Senin, 14 April 2008

Komunikasi dan Rasa Humor

Salah satu tugas Sekretaris Eksekutif adalah menjembatani komunikasi antara karyawan secara umum dengan pimpinan kita serta antara para pelanggan dengan perusahaan kita.

Dalam pekerjaan sehari-hari di kantor, seorang sekretaris eksekutif harus membangun gaya komunikasi yang harmonis dengan boss. Bila boss kita seorang yang humoris, kita bisa cukup sedikit relax dan tidak perlu terlalu formal. Tapi apabila beliau adalah seorang yang formal dan direct, maka kita harus menyesuaikan dengan pribadi beliau.

Kita juga dituntut untuk bisa membaca mood. Bila suatu pagi boss kita sedang uring-uringan karena terkena macet dalam perjalanan ke kantor, sedangkan meeting sudah menunggu, ya jangan bertanya macam-macam. Malahan kita harus menenangkan beliau sesaat, misalnya dengan memberi minum air putih segar sebelum masuk keruang meeting agar emosi sudah tenang.

Kemudian bila ingin follow up sesuatu sebaiknya dilakukan dengan ngobrol dahulu tentang hal-hal lain. Setelah bicaranya enak, baru kita tanyakan masalah yang di follow up oleh departement lain misalnya. Sehingga boss tidak merasa sekretaris yang rule the game.

Membangun komunikasi yang harmonis tidaklah mudah dan perlu waktu. Sekretaris harus menempatkan diri sebagai supporter bagi pimpinannya sehingga pimpinan juga harus merasa apapun yang sedang terjadi, keputusannya di dukung oleh pembantunya yang paling dekat. Dengan membangun komunikasi yang harmonis sebetulnya kita juga sedang membangun kepercayaan, dan profesionalitas.

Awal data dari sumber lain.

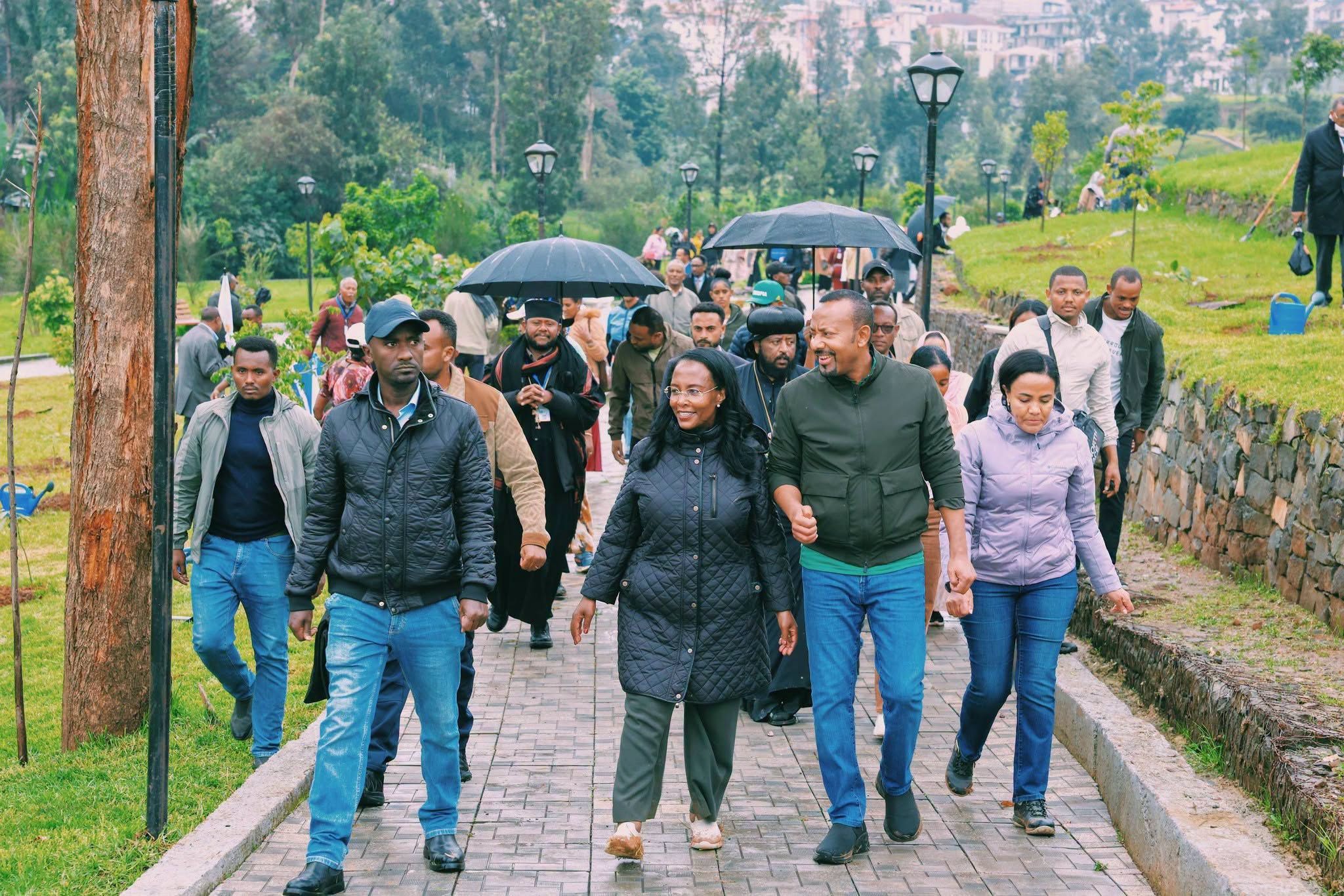 You are currently viewing በአንድ ጀምበር 800 ሚሊዮን ችግኞችን የመትከል አገራዊ መርሃ ግብር በአዲስ አበባም በሰፊ ንቅናቄ እየተተከለ ነዉ – ከንቲባ አዳነች አቤቤ
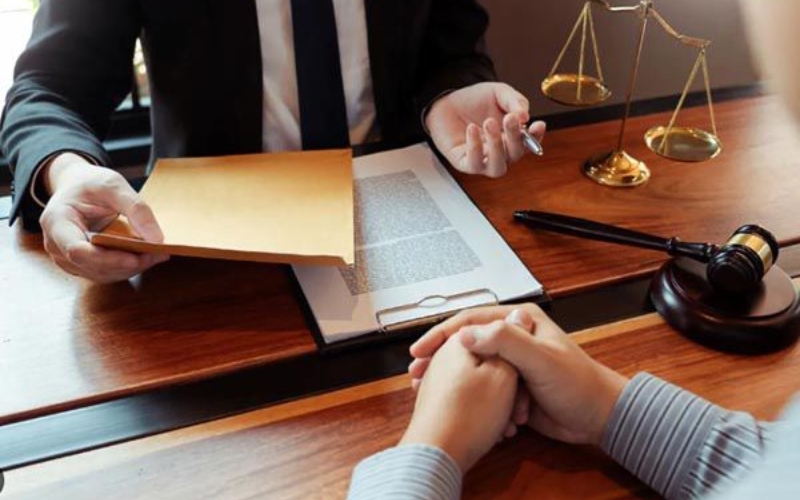 Lý do nên chọn học ngành Luật kinh tế ở thời điểm hiện tại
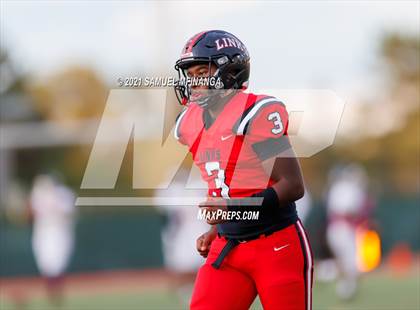 Thumbnail 3 in Omaha Northwest @ Lincoln High photogallery.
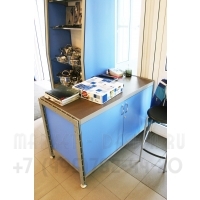 Фотография стеллажа с рольставнями для магазина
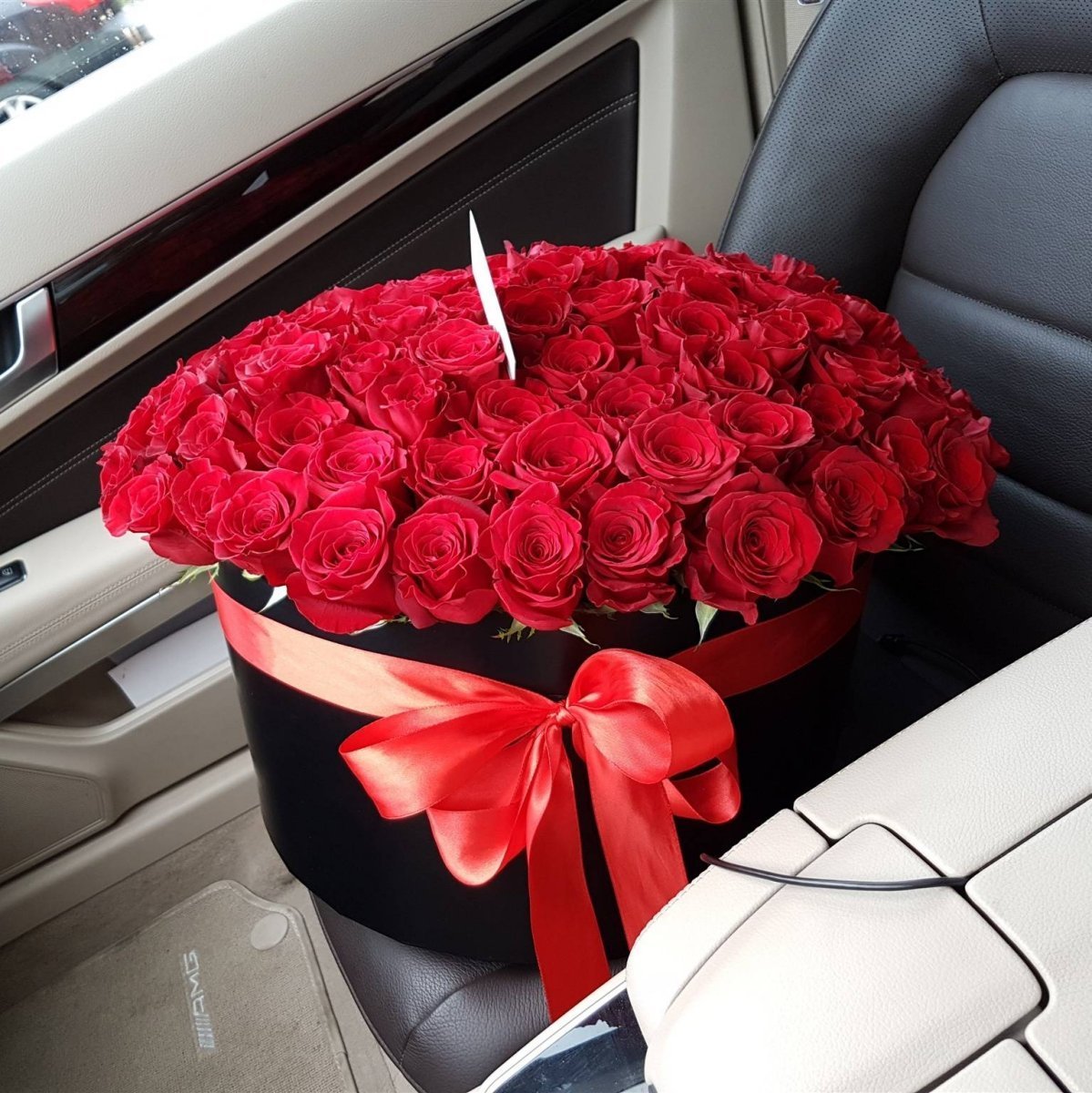 Шикарный букет цветов в машине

Khusus untuk komunikasi dengan karyawan secara luas, apabila perusahaan tempat kita bekerja mempunyai open door policy, maka biasanya departemen Human Capital akan merancang program misalnya Executive Coffee Session. Dalam acara serupa ini biasanya diundang karyawan-karyawan dari berbagai departemen yang satu level untuk membicarakan berbagai hal seputar policy perusahaan. Peran kita adalah membantu menyeleksi siapa-siapa saja yang bisa diundang, menyiapkan undangan dan membuat risalah hasil diskusi yang akan dilaporkan ke divisi Human Capital untuk ditindak lanjuti.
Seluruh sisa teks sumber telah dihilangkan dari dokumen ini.